Required work. After finding "Mappa Via Buongiovanni, 80056" in the material below, output its line and every line after it through the last, exactly, but not the pictures.

Data for analysis.
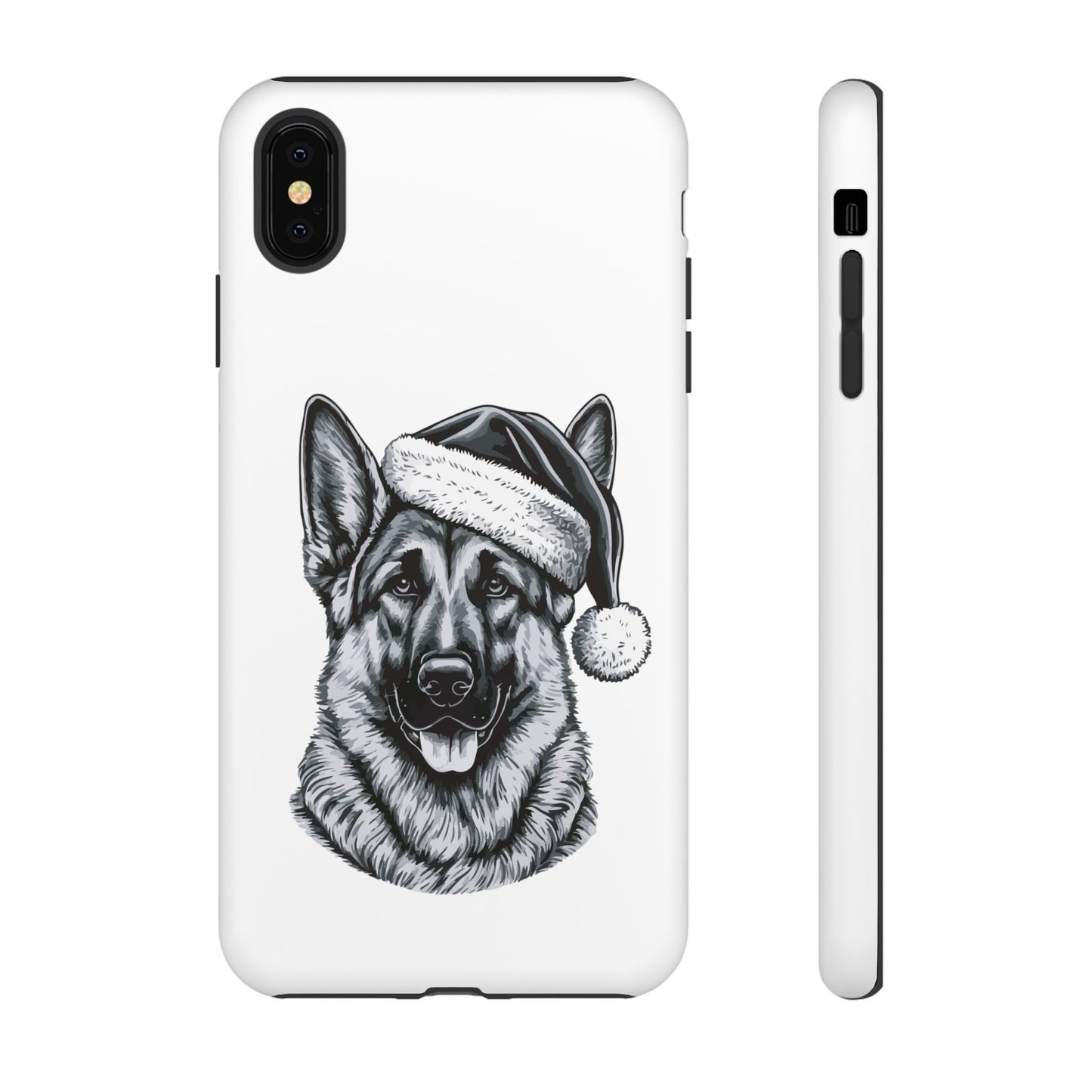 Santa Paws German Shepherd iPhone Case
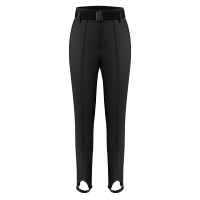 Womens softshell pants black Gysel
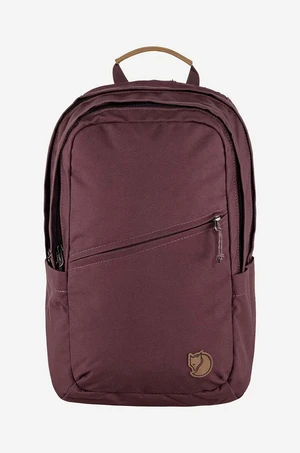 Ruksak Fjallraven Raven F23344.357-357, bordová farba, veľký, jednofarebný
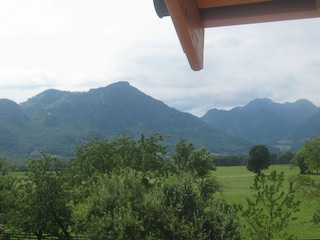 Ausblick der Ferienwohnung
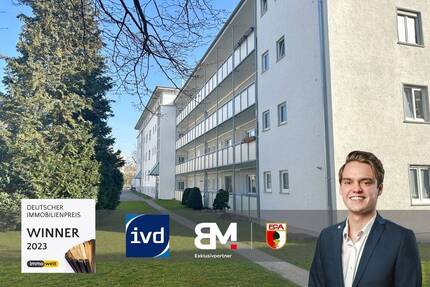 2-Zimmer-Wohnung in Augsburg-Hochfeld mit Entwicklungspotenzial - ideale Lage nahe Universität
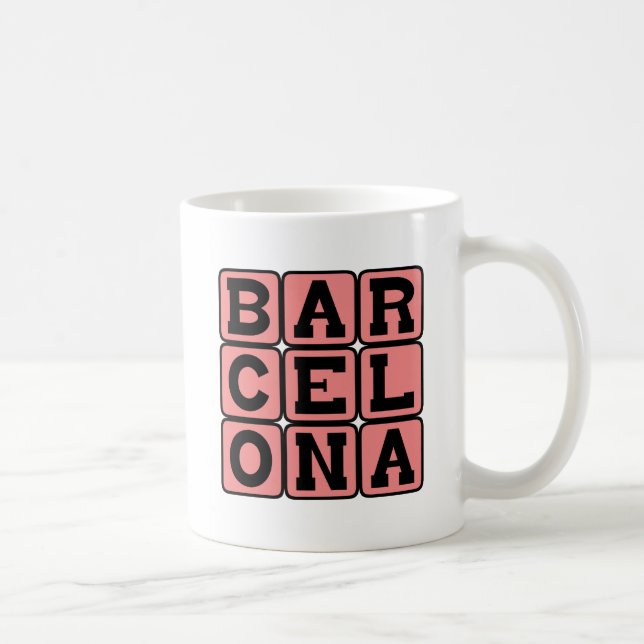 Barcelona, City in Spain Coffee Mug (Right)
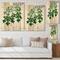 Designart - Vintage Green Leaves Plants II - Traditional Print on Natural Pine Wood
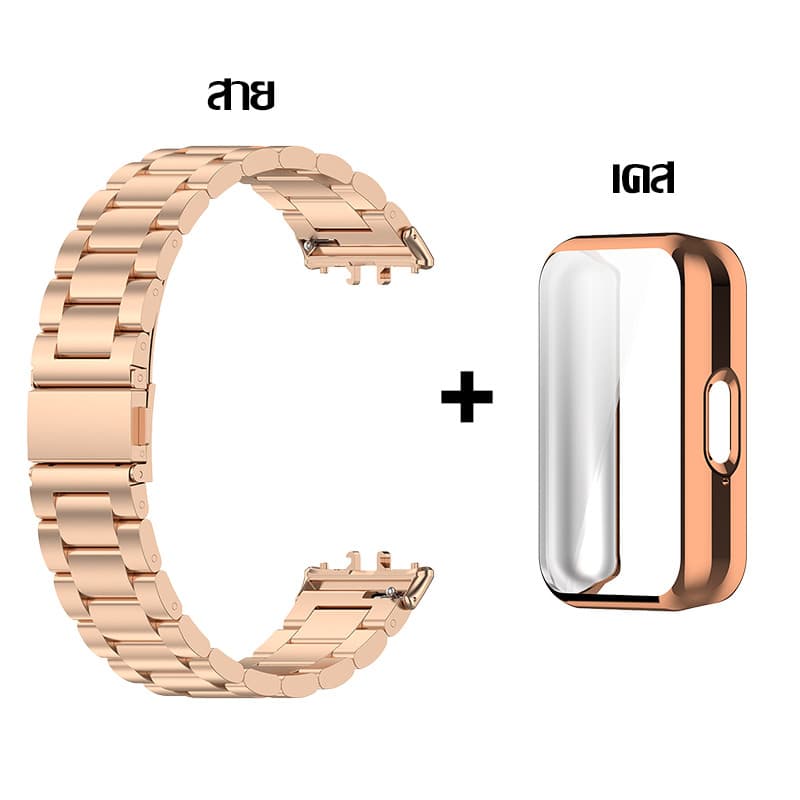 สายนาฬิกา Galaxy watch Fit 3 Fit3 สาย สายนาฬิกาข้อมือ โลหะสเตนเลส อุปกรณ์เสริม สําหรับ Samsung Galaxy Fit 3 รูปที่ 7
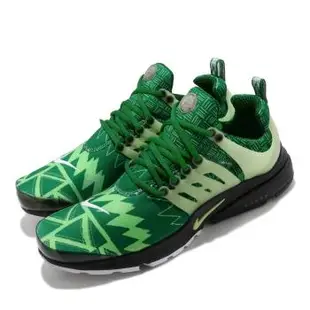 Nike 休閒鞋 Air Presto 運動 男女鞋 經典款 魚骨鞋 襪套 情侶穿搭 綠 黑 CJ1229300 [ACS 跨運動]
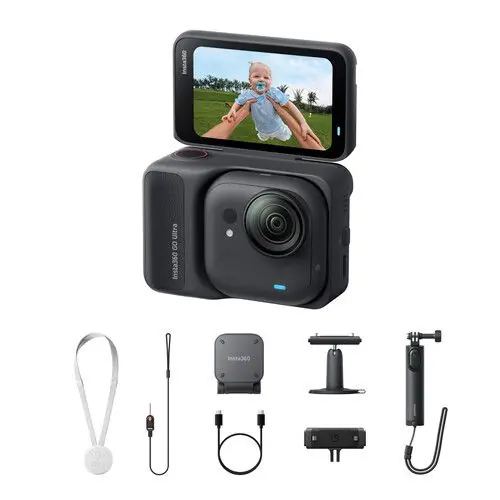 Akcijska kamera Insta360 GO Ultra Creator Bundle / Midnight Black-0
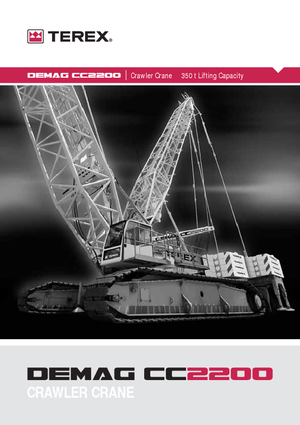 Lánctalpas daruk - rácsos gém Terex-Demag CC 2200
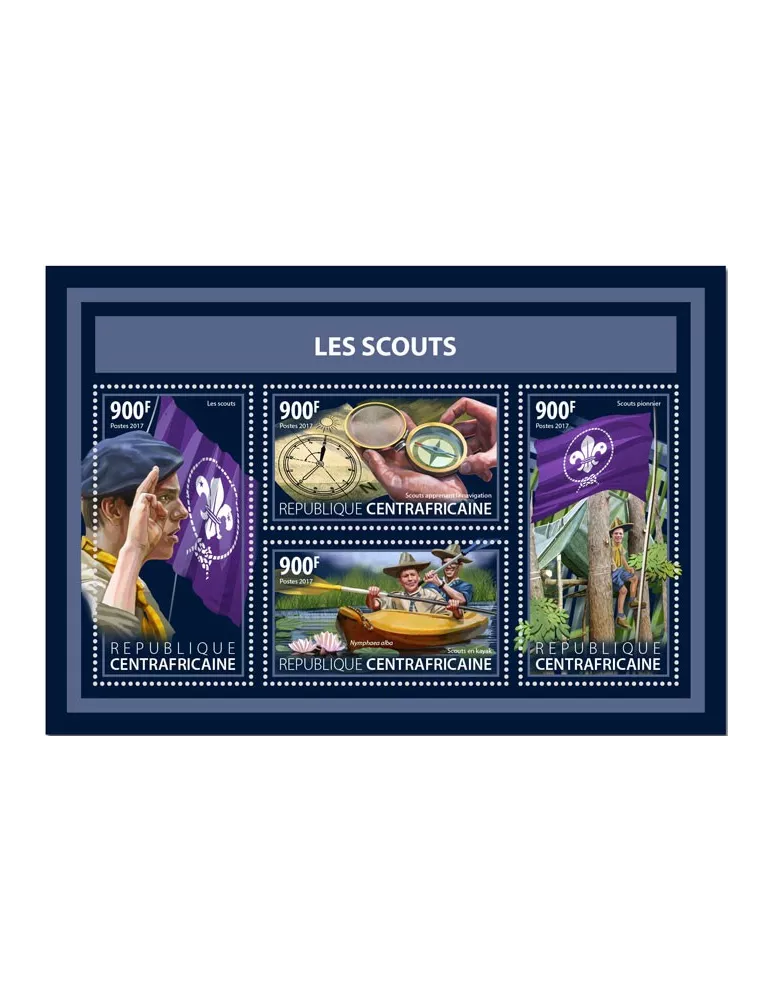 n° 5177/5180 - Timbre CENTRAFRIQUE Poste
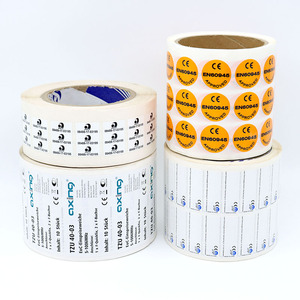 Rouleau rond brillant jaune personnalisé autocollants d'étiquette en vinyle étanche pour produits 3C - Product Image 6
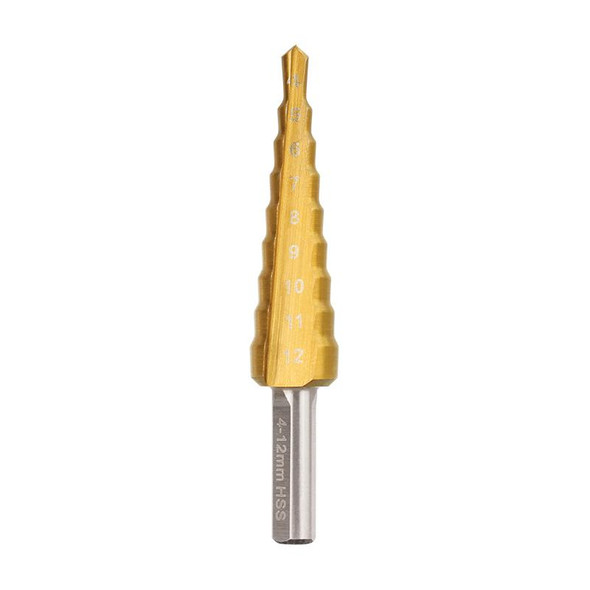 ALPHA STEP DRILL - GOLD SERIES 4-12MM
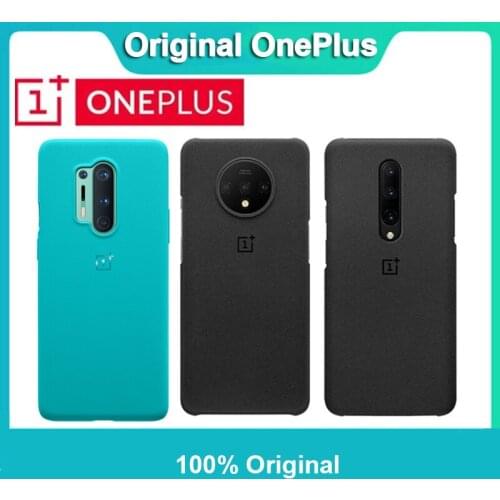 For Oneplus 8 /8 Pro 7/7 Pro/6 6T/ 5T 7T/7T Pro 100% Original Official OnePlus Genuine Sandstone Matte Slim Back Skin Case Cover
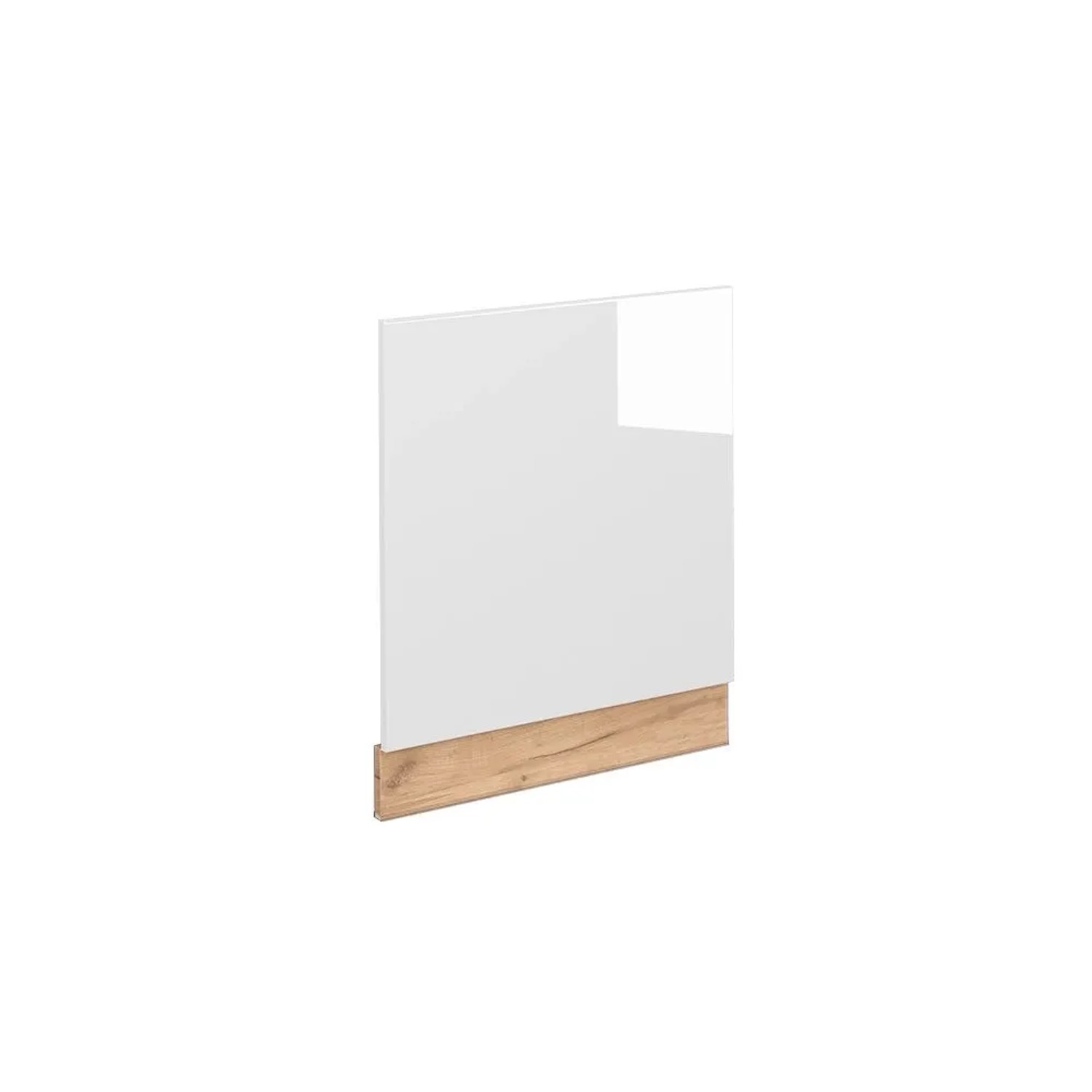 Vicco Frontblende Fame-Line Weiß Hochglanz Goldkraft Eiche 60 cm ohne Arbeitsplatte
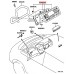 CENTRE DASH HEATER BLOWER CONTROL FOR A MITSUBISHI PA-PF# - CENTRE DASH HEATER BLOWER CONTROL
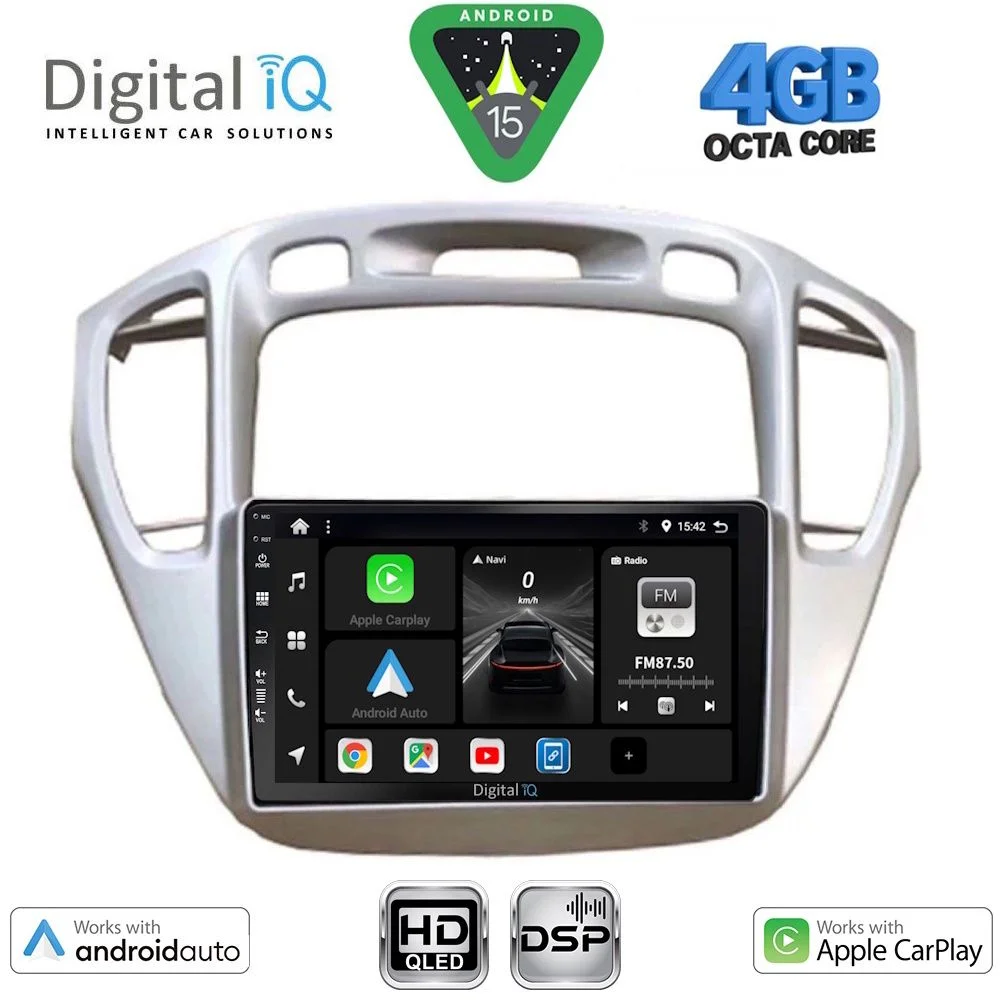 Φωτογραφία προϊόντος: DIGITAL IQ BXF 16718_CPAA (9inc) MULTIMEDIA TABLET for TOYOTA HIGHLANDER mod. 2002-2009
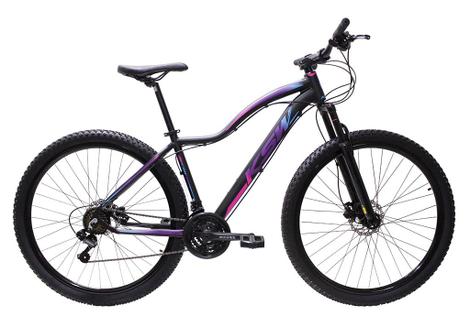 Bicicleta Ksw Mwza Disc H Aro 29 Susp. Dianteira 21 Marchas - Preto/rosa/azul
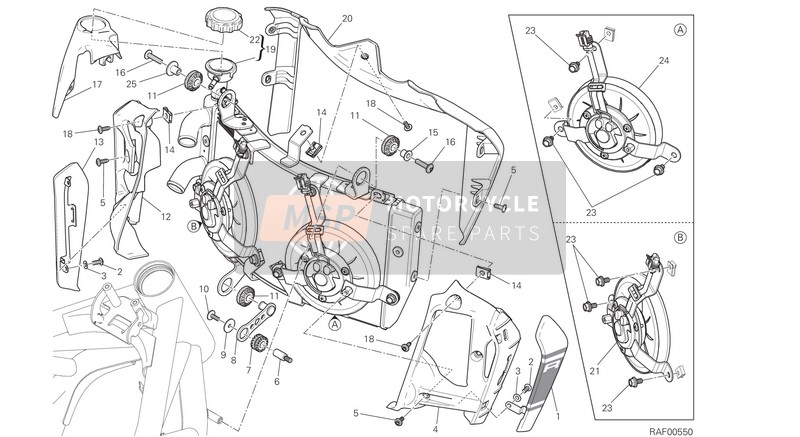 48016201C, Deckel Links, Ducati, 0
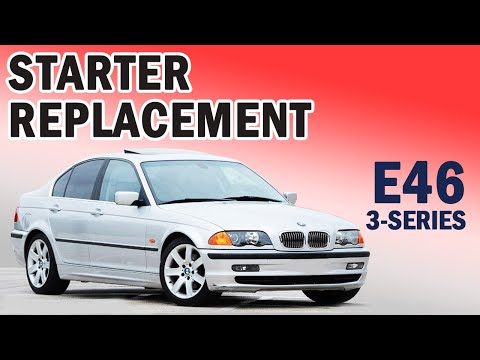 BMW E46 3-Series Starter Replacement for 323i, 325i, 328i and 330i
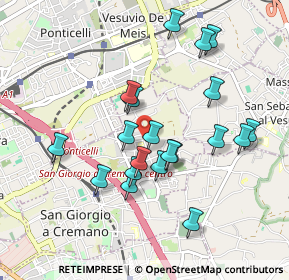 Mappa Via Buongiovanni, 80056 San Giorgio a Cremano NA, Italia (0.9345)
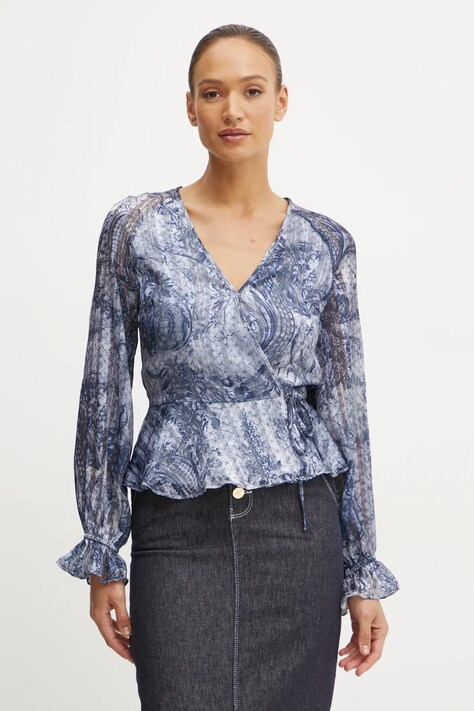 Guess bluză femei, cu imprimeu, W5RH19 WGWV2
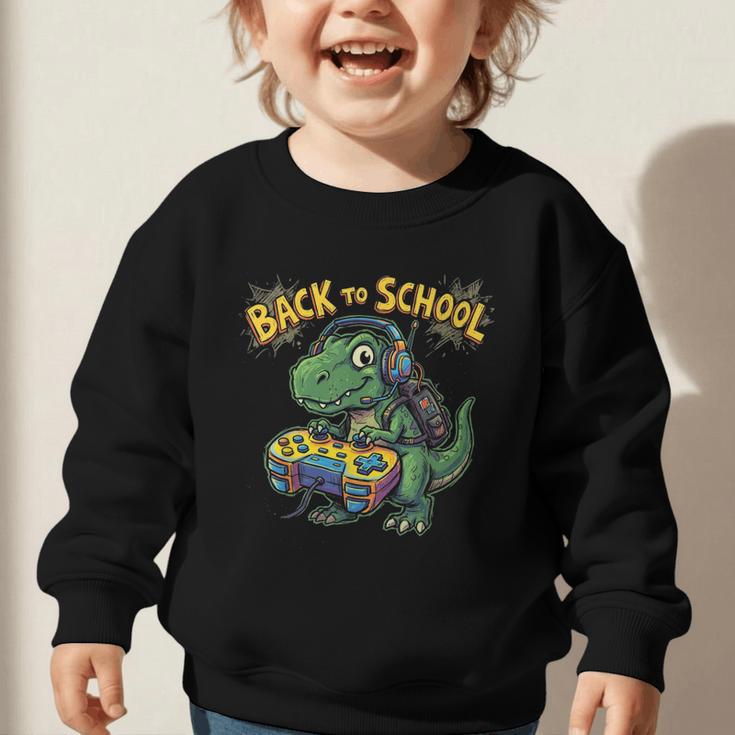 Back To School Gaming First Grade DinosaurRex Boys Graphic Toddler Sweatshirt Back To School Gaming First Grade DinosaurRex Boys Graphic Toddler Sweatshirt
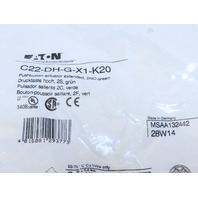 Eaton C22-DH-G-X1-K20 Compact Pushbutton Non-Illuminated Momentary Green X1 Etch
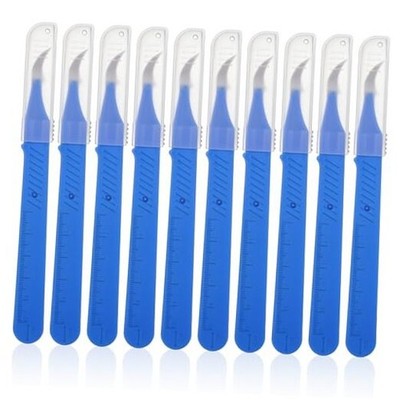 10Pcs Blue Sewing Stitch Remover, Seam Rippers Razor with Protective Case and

Task answer.
 Mappa Via Buongiovanni, 80056 San Giorgio a Cremano NA, Italia (0.9345)
 Guess bluză femei, cu imprimeu, W5RH19 WGWV2
 Back To School Gaming First Grade DinosaurRex Boys Graphic Toddler Sweatshirt Back To School Gaming First Grade DinosaurRex Boys Graphic Toddler Sweatshirt
 Eaton C22-DH-G-X1-K20 Compact Pushbutton Non-Illuminated Momentary Green X1 Etch
 10Pcs Blue Sewing Stitch Remover, Seam Rippers Razor with Protective Case and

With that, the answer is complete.